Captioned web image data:
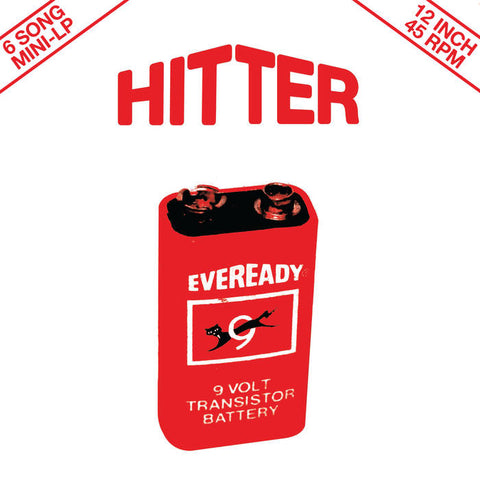 HITTER - Mini-LP (LP)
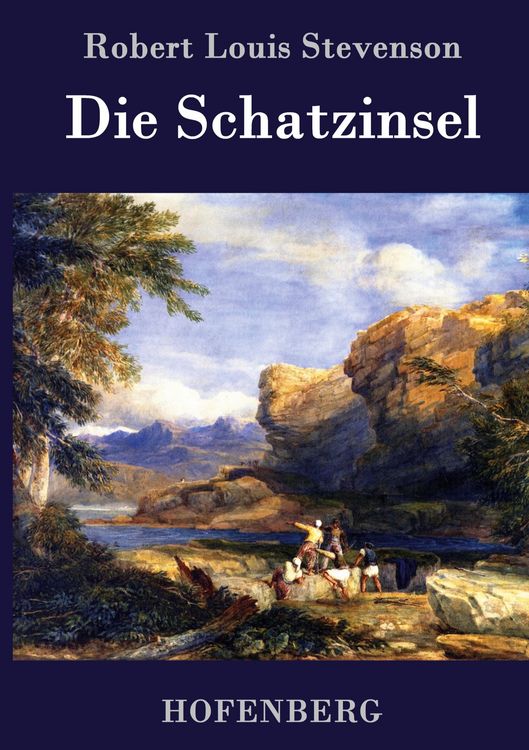 Produktbild: Die Schatzinsel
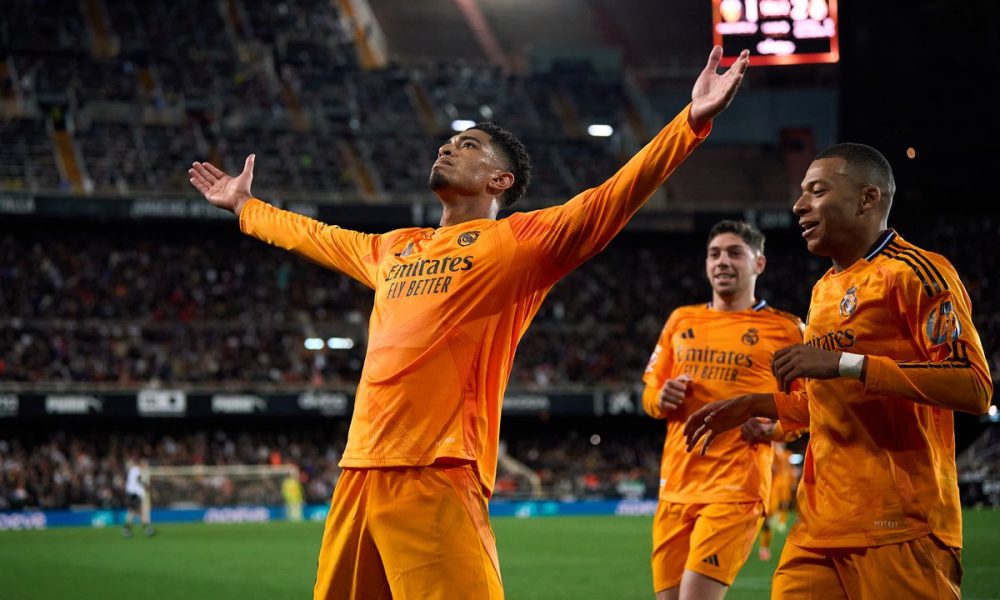 Real Madrid Marsella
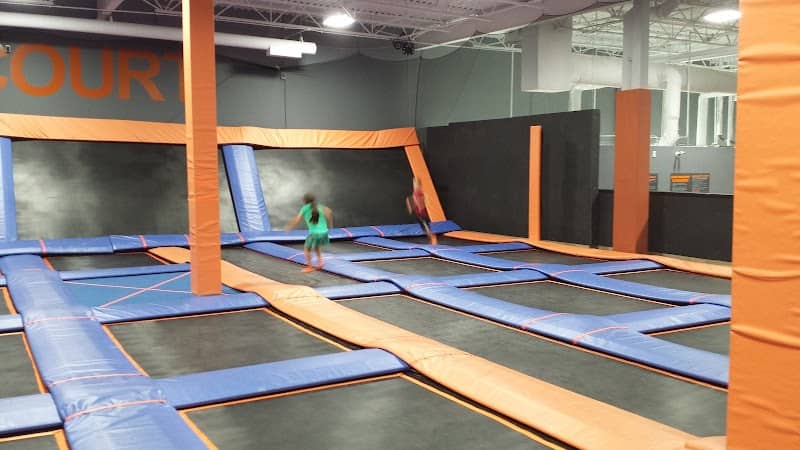 Sky Zone Trampoline Park - Image 2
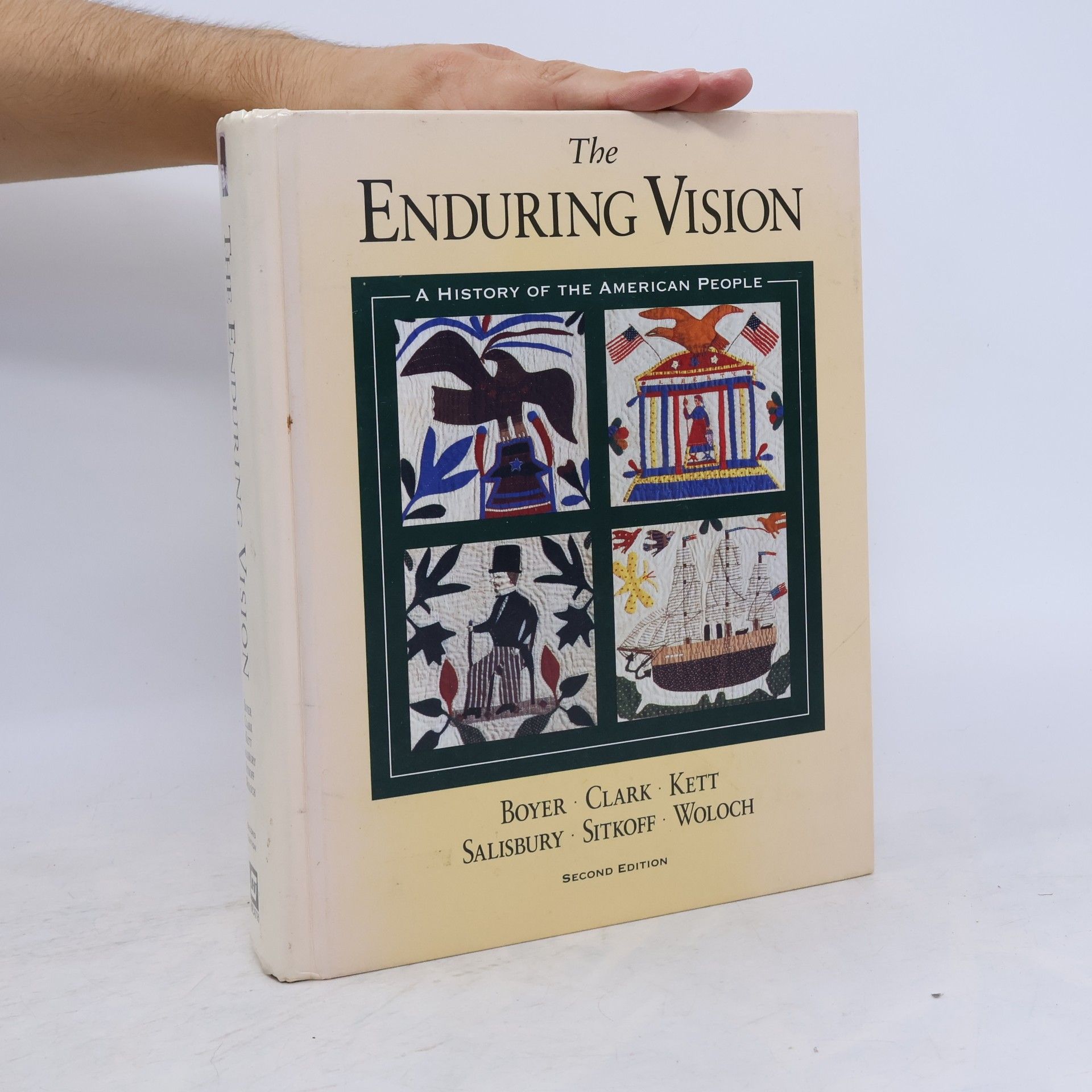 Paul Boyer The Enduring Vision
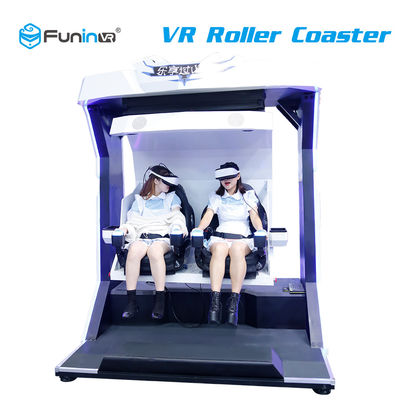 Bán nóng! ! ! Funin VR 9d Virtual Virtual Vr Simulators Vr Roller Coaster cho công viên giải trí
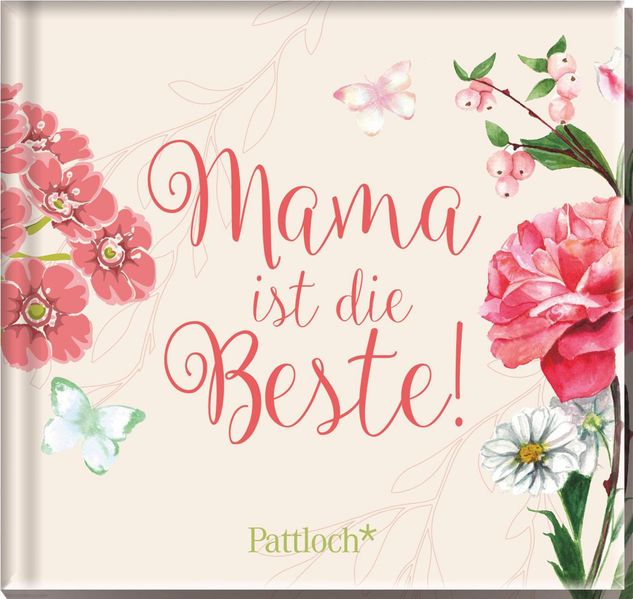 Cover von Mama ist die Beste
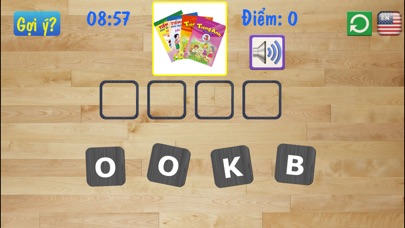 Bé Học Ghép Chữ 1.2 IOS -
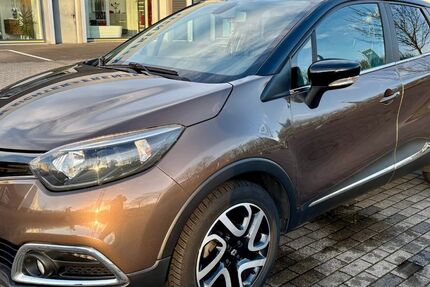 Renault Captur 73.000 km 7.600 &euro; Düsseldorf 40231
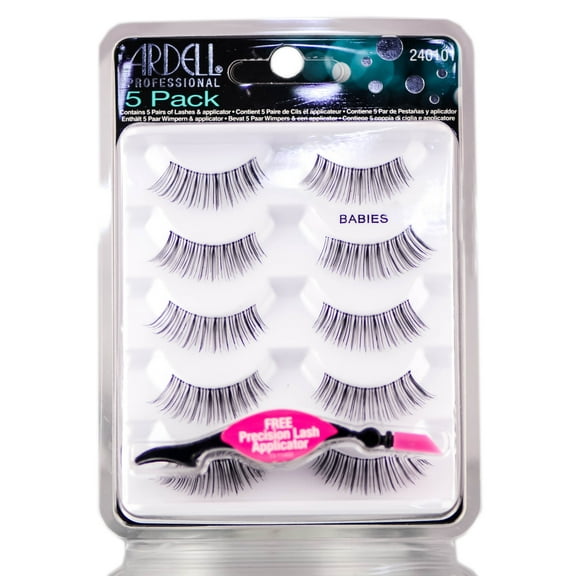 Ardell 5 Pack Lashes - Babies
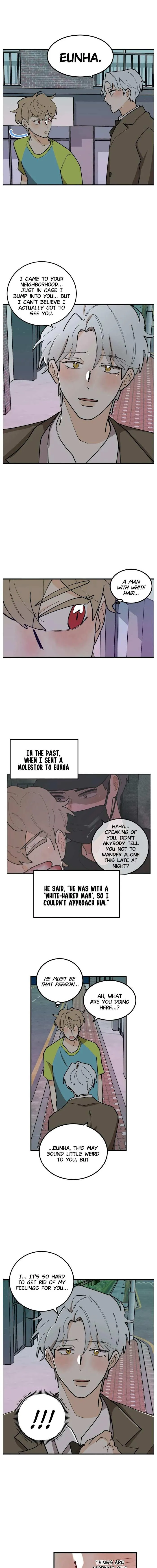 Across the Milky Way! Chapter 46 page 9 - 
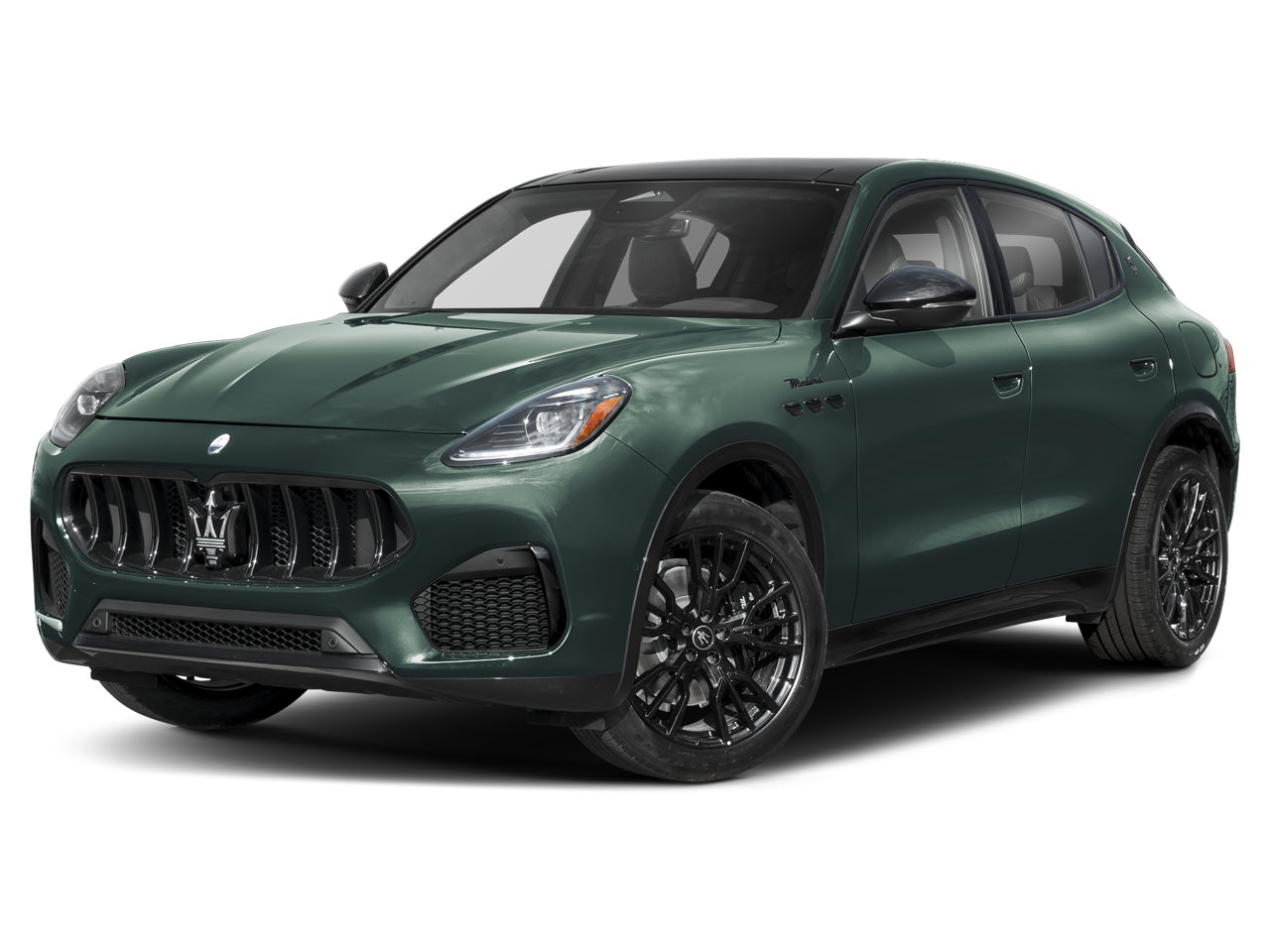 2026 Maserati Grecale Modena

Task objective ▸
Keep the pictures out of your answer, which should be the lines from the one with "Real Madrid Marsella" through the final line of the data, copied exactly.

Reply to the exercise ▸
 Real Madrid Marsella
 Sky Zone Trampoline Park - Image 2
 Paul Boyer The Enduring Vision
 Bán nóng! ! ! Funin VR 9d Virtual Virtual Vr Simulators Vr Roller Coaster cho công viên giải trí
 Cover von Mama ist die Beste
 Bé Học Ghép Chữ 1.2 IOS -
 Renault Captur 73.000 km 7.600 &euro; Düsseldorf 40231
 Ardell 5 Pack Lashes - Babies
 Across the Milky Way! Chapter 46 page 9 - 
 2026 Maserati Grecale Modena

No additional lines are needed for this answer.